For Rent Real Estate Sign in Front of House

While renting your home might not seem like a great option, it is often the smartest way to go in this economy. If you’ve moved to a new home but have not been successful at selling your old one, there may be an alternative to making a mortgage payment each month on a vacant house. Renting your home probably won’t make you rich in the short term (unless you rent it out longer term), but it may allow you to cover your mortgage payment and make some money while you wait out real estate stagnation.

Sounds like an easy solution, doesn’t it? But before you get the ball rolling on renting out your home, make sure you understand the pros and cons of being a landlord.


  • Rent can cover some or all of the mortgage payments. So you don’t have to pay the entire amount each month. It’s possible to even make a profit. You may be able to continue to build equity at the expense of the renter — especially if your particular market is not affected or minimally affected by the slowdown. If your mortgage has been in existence for a number of years, more of the payment may be being applied to principal, so every payment is eating into the amount owed at a faster clip.
  • Landlords enjoy tax advantages on top of typical mortgage interest and tax deductions.
  • Being a landlord is like managing your own business – you’re the boss!
  • Renting a property can provide an ongoing income which can be saved as a pension or for a “rainy day.”
  • If your situation changes, as long as tenant lease obligations are met, you can use the property again yourself.


  • Whether or not rental property is vacant, mortgages must still be paid.
  • Expensive repairs and maintenance work cannot be delayed if tenants are inconvenienced.
  • Tenant disputes could require legal representation and legal fees.
  • It takes money to make money. As with any business, there are upfront expenses, such as renovations or repairs, and advertising. And with rental properties, there are government regulations that need to be followed – violations may result in fines.
  • You have to cut emotional ties with your property. This can be difficult if you’ve lived there a long time.

For those not in the position to keep paying their mortgage or who need to sell their property, but can’t right away, the pros of renting almost always outweigh the cons. But how do you best lasso the biggest advantage of leasing – the income? How do you determine rent?
Prospective landlords should put a lot of thought about the costs involved, says Kathy Hertzog, president of LandlordAssociation.org. “We recommend that landlords budget 25 (percent) to 30 percent of the rent to put in a reserve for maintenance, repairs or just in case something big comes up.”

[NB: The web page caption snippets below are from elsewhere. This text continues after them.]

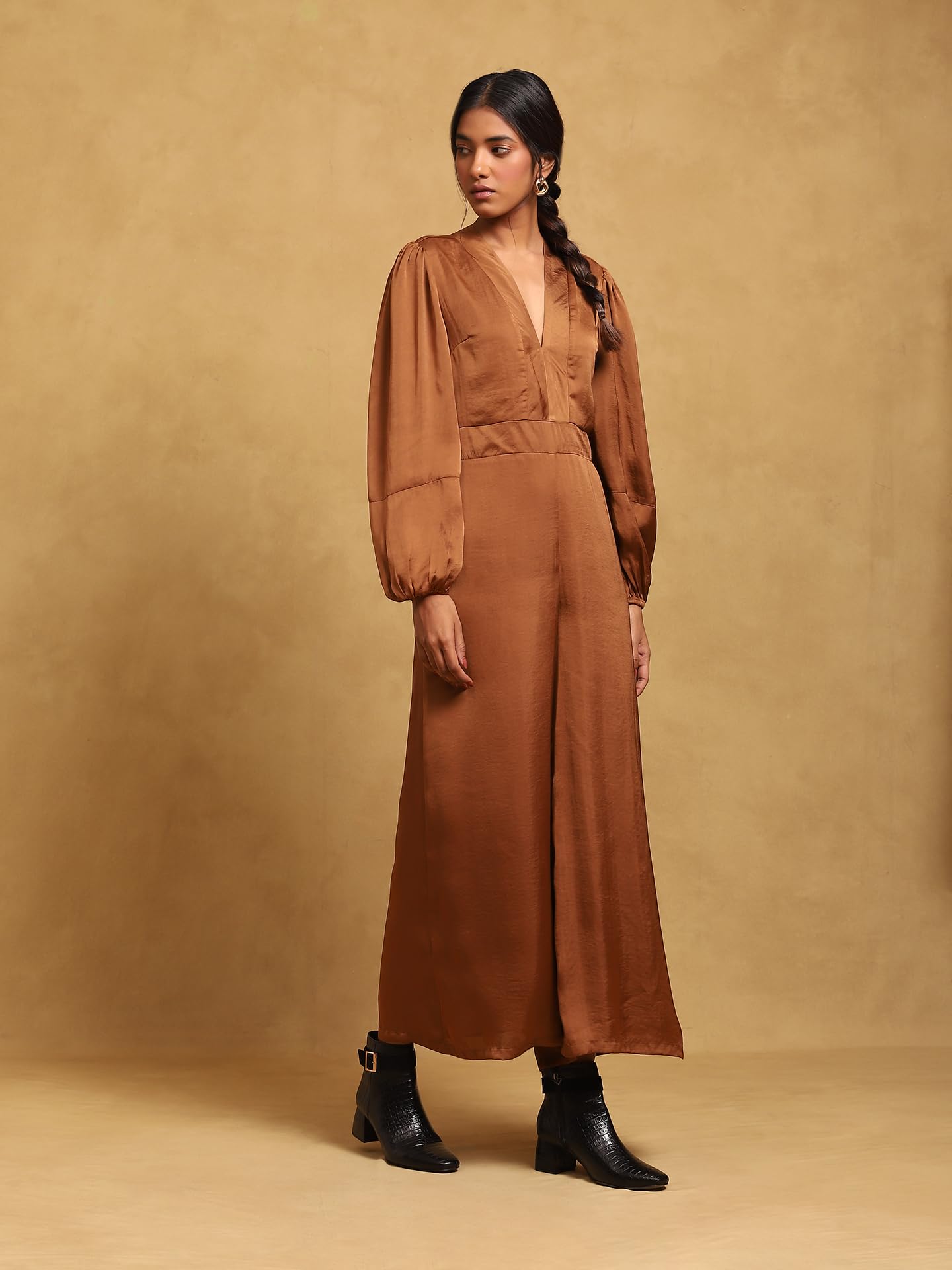 Ritu Kumar V-Neck Full Sleeves Solid Jumpsuit Brown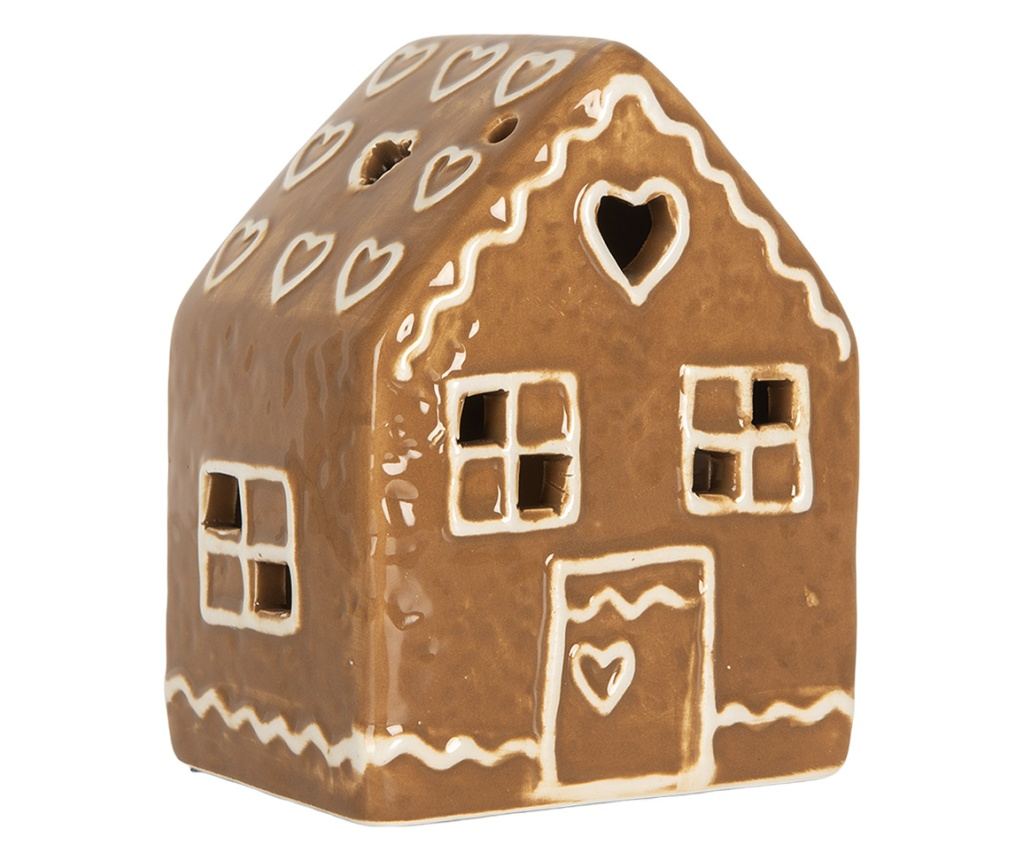 Brown and White Ceramic Christmas House with LED 8x6x10 cm - 5
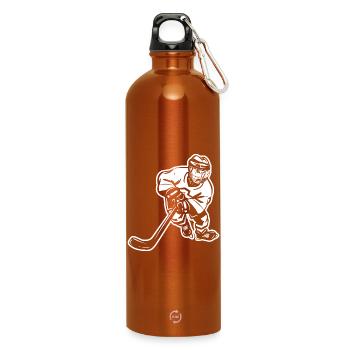 Eishockeyspieler Zeichnung - Trinkflasche mit Karabiner 750 ml - Orange - Vorne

That leaves 70 to 75 percent of the monthly rental income to cover the mortgage, taxes, insurance and possibly utilities if you’re going to break even. But is that a price that tenants will pay?

Figuring out how much it will cost you to rent out the home is only the first step in coming up with what to charge. The best way to tackle this complicated project is to do research – on local market conditions, rents, comps and so on. If you charge more than landlords of similar properties in your neighborhood, it will be difficult for you to find tenants. Check the newspaper listings to see what similar properties are going for, suggests Hertzog. Another option is to go to the Web site Rentometer, which provides the median rent for any address in the country.

Hiring a company to help you with all the aspects of renting will eliminate most of the headaches of finding a good tenant. Leave it to the experts, and you’ll be pleasantly surprised how smooth the process can go.